Small note on when the issue happens
The issue doesn't actually seem to happen when you depend directly on types-react-dom. The snapshots section I've been mentioning then looks like:
[email protected]:
dependencies:
'@types/react': [email protected]
Which I guess I can manually add in as a workaround. But this is what it is supposed to be resolved to when the proper override is configured.

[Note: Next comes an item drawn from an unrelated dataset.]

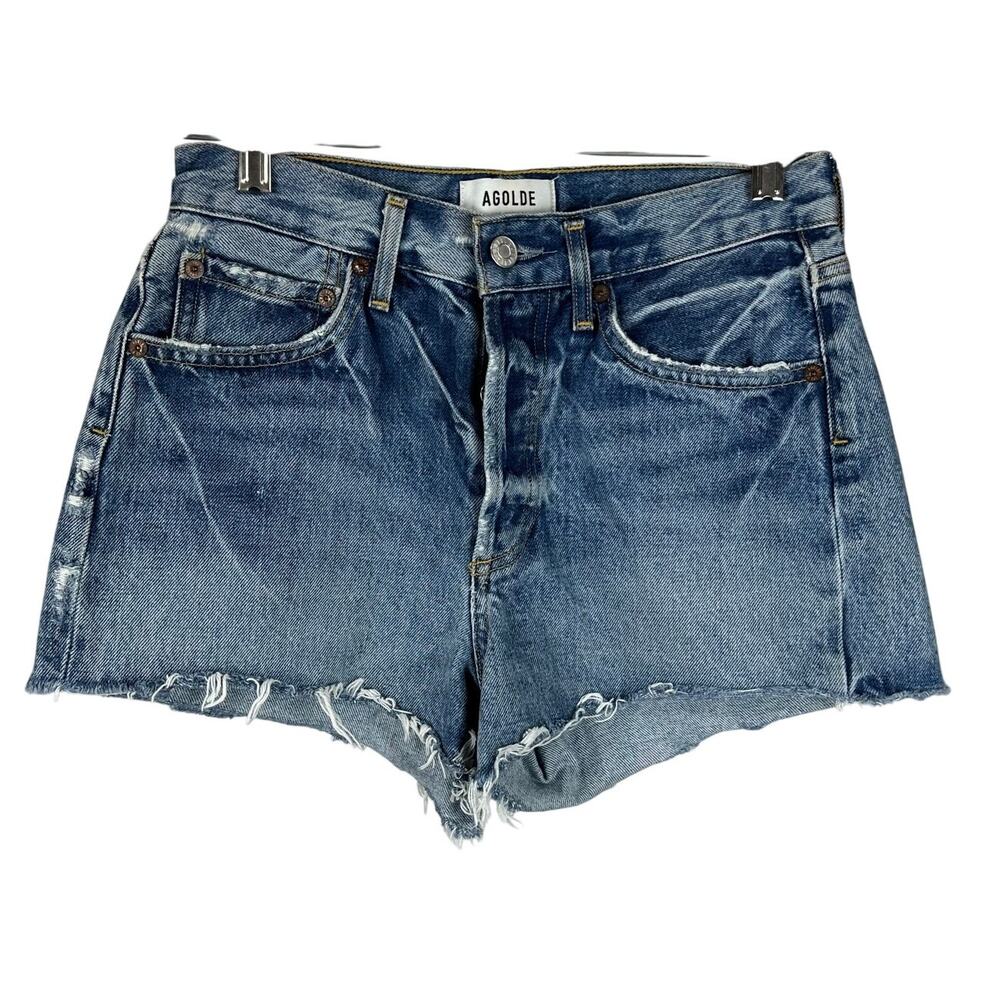 AGOLDE Parker Denim Cutoff Shorts Size 24 EUC Button Fly Distressed Frayed Hem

@gabrielmfern I think I get what you mean: You are referring to the fact that even though @types/react has been overridden, types-react-dom still depends on @types/react instead of types-react. As seen in the snapshot section of the lockfile:
snapshots:
# ...
[email protected]:
dependencies:
'@types/react': 18.3.3
I have inspect the problem and found that the problem is from with-react-19/package.json. You may change it to the following:
{
"name": "with-react-19",
"devDependencies": {
"@types/react": "18.3.3",
"@types/react-dom": "18.3.0"
}
}
The snapshots in the lockfile should now be as you desired:
snapshots:
[email protected]: {}
[email protected]:
dependencies:
'@types/react': [email protected]
[email protected]:
dependencies:
csstype: 3.1.3
@zkochan I see that overrides doesn't affect dependencies of dependencies specified with npm: scheme. Is this intended behavior?
Yeah, it works! That's interesting, but really unintuitive, why does this even work?
So the bug only appears if there was a lockfile from previous install (without pnpm.overrides). Removing the lockfile and run pnpm install again and it will work properly.
Actually, both the lockfile and the node_modules directory have to be removed to workaround this bug.
Removing only the lockfile but not node_modules then run pnpm install would create a different lockfile from before setting overrides, but still not the same one as complete clean install. The complete clean install version is the most minimal.